宇野昌磨と本田真凜のアイスダンスでの2030年仏五輪挑戦は成功するのか…「どれだけ難しいかがわかっているからこそ…」
2024年10月ごろから、宇野はアイスショーのプロデュース、本田は化粧品ブランドの立ち上げなど多忙を極めた中で、トレーニングを積み重ねてきた。本田が「お互いの体の使い方の癖やスピード感、リズムの取り方をまずは合わせるなど、本当に基礎中の基礎から息を合わせてきました」と振り返るように、約1年半もの時間をかけてきた結果として、この日のアイスダンスチーム結成公表を迎えた。

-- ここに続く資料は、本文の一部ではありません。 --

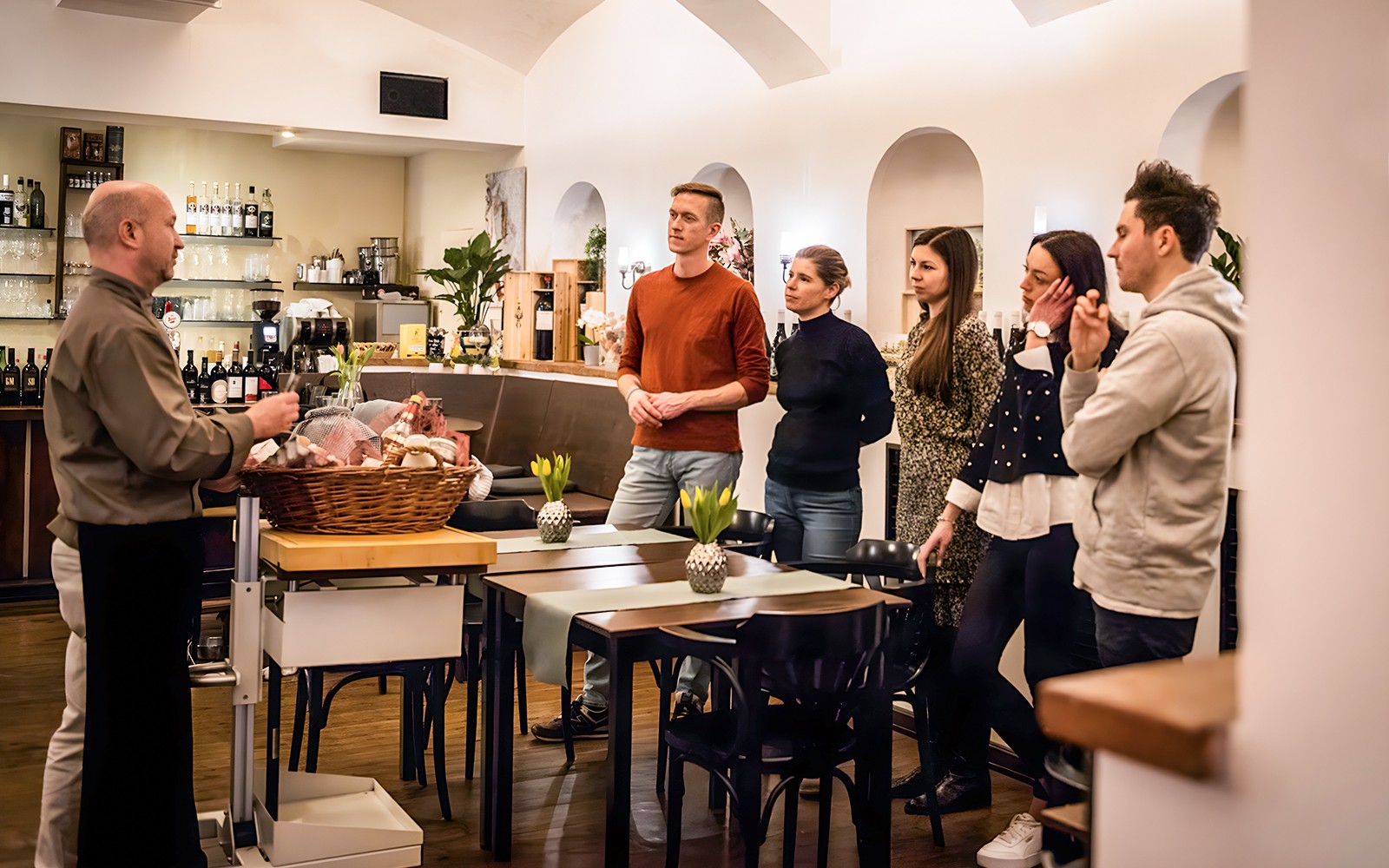 Chef explaining Kaiserschmarrn preparation to group in cooking class.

五輪シーズンが終わった直後に公表した理由を、宇野はこう明かす。
「オリンピックを経験した身として、(目指すのが)どれだけ難しいかがわかっているからこそ、次の2030年を(時間をかけて)目指すことにしました」
日本のアイスダンスは、現時点で世界に対して苦戦を強いられている。
ミラノ・コルティナ冬季五輪の個人種目で、日本のアイスダンスは2002年のソルトレークシティ大会以来、6大会ぶりに出場を逃している。昨年の全日本選手権を制した吉田唄菜、森田真沙也組(木下アカデミー)の「うたまさ」が団体戦のみに出場したが、リズムダンスは10組中で8位、フリーは5組中で5位だった。

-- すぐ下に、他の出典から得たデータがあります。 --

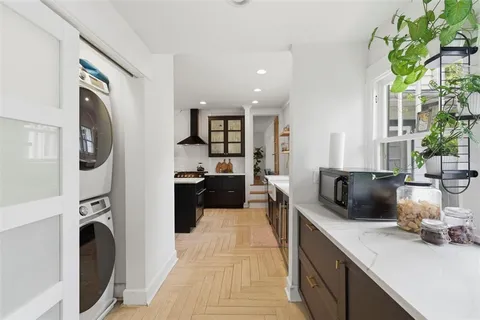 a bedroom with a bed and a wooden floor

少しずつ力をつけているが、世界の壁は厚い。それでも宇野が言う。
「シングルとは大きく違って、毎日のように新しいプログラムを作り続けるように更新していく。曲を伸ばしたり、切ったり、要素を男女で入れ替えたり、技を変えたりする中で、少しずつではあるけど形になってきた。競技会でお見せするのが楽しみです」
愛称の「しょまりん」は本田の妹、望結(みゆ)が2人をまとめて呼ぶときに命名したという。今後に関して、宇野は「コーチに関してはたくさん話が進んでいますが、明確になった上でしっかりとした発表ができれば」と語るにとどめた。秋に幕を開ける新シーズンで、全日本選手権へつながる国内競技会で注目のデビューを果たす予定だ。